WHAT THE EXERCISE ASKS ::
An exact copy of the listing below is required, minus its pictures.

INPUT DATA ::
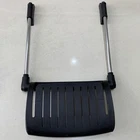 Swivel Chair Leg Support Office Chair Footrest Retractable Hardware Reclining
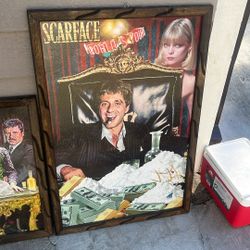 Scarface Poster 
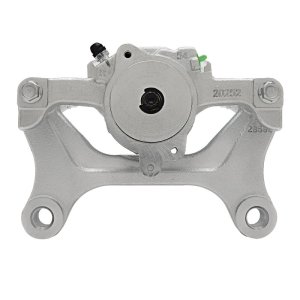 Ford F-150 Brake Caliper - Rear - DFC - Premium - Silver Zinc - `18-`20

WRITTEN ANSWER ::
 Swivel Chair Leg Support Office Chair Footrest Retractable Hardware Reclining
 Scarface Poster 
 Ford F-150 Brake Caliper - Rear - DFC - Premium - Silver Zinc - `18-`20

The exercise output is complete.